I’m tired of throwing darts form the outside, and figure every once in a while I need to get in there and tussle. [ . . . ] UMSU is notorious for getting extremely low voter turnouts. And as such, previous UMSUs have believed that they had a mandate from the students. And I’m not sure that they really have. [ . . . ] I’m willing to do a number of things that would make them relevant again, such as online voting. And changing the tone of UMSU from that of confrontation to that of collaboration. I have a sort of sneaky catchphrase that will sound new and novel the first time I use it in a debate, that goes along the lines of, ‘UMSU used to build buildings, but as of late they only thing they’ve built are walls.’
HOW WOULD UMSU BE DIFFERENT IF YOU WERE IN OFFICE?
Ideally what I would do would be put up glass walls around UMSU — that way people could see UMSU there all the time, they could see when someone’s in, and know how to talk to. [ . . . ] rather than this vague feeling that they need a union to speak with their student union. [ . . . ] I’m also a fiscally conservative type, but I don’t think that means cutting any funding from UMSU. What that means is, optimizing and improving efficiencies within UMSU to make sure that the fees that are taken out of students, where students cannot opt out of them, are wisely spent. It’s not just the university fees that students pay, it’s also UMSU fees.

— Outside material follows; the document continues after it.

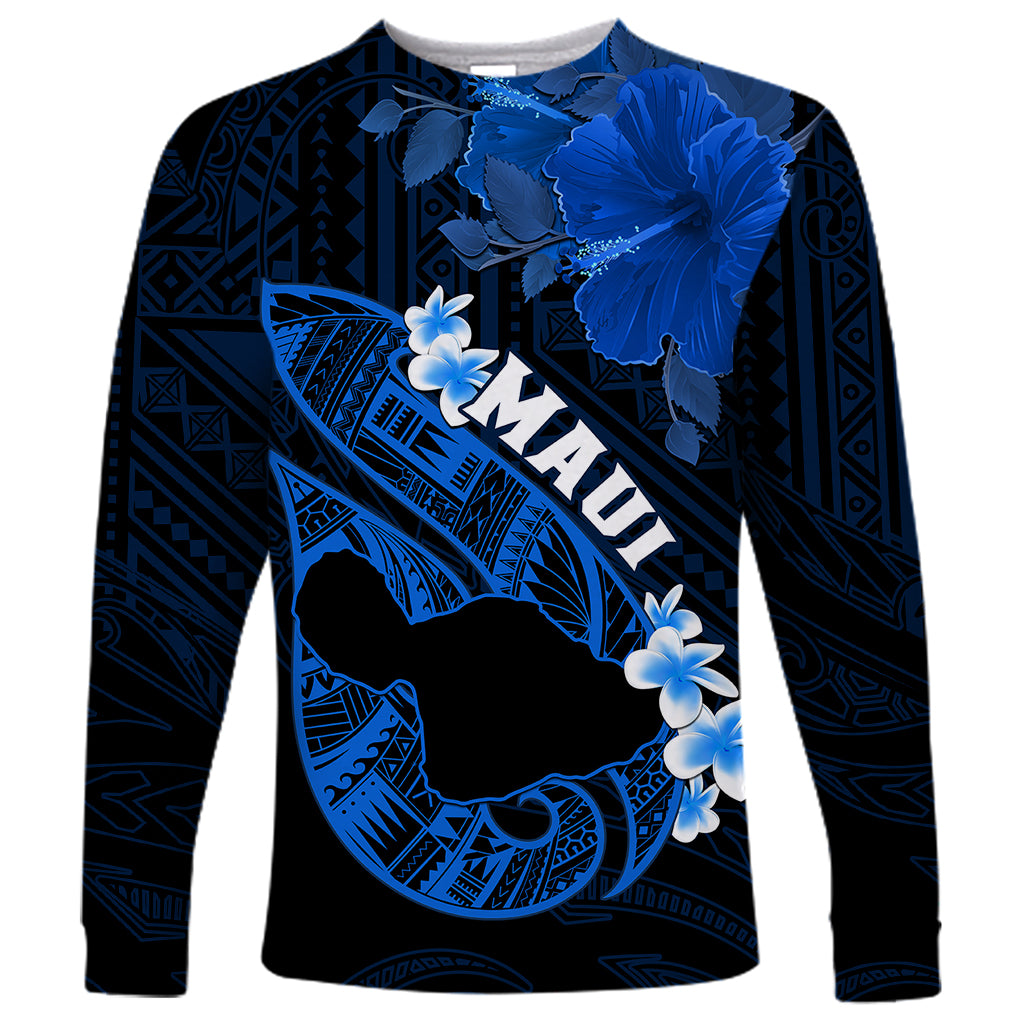 Personalized Hawaii Maui Long Sleeve Shirt Polynesian Fish Hook Hibiscus Blue Version LT05 Unisex Blue - Polynesian Pride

I’d also like to more UMSU buinesses into an arms-reach blind, so that UMSU would actually have the ability to target things as food services withouut it appearing from the outside that we’re simply endorsing our own food services instead. [ . . . ]Part of the duty of the president is to set long-term goals for UMSU, and this is one of them. This is part of a larger theme of tackling exclusivity contracts in general, be it exclusivity contracts or food services.
WHAT IS YOUR POSITION ON THE TUITION FEE FREEZE?
I’m going to take the middle-of-the-road statement on this one. I feel very good that the tuition fee freeze had a very good motivation when it was conceived.
However, you cannot freeze tuition forever. If you freeze it forever, and don’t take into account inflation into the picture, eventually there’s going to be a degredation of service [ . . . ] The goal posts have been moved, and we’re losing our abilities to compete with other universities in other centrs. I’m not in favour of a blanket tuition freeze release, however I am in favour of negotiation.
UMSU HAS A HISTORY OF LOW VOTER TURNOUT. WHAT WOULD YOU SAY TO STUDENTS TO ENCOURAGE THEM TO VOTE, AND VOTE FOR YOU?
Very few students seem to care about UMSU operations. I find this to be a difficulty, because stednts are obligated to pay UMSU fees. And without having some sort of bizarre opt-out union, they should be caring about where thier fees are spent, and how they’re spent. However, this is not necessarily meaning that it’s the students that need to change. It may mean that UMSU needs to do a better job of connecting to the students on an individual level. This doesn’t mean distributing the air-dropped CFS materials on them. This means going out, finding out what the day-to-day issues are, and trying to effect change where it’s reasonable.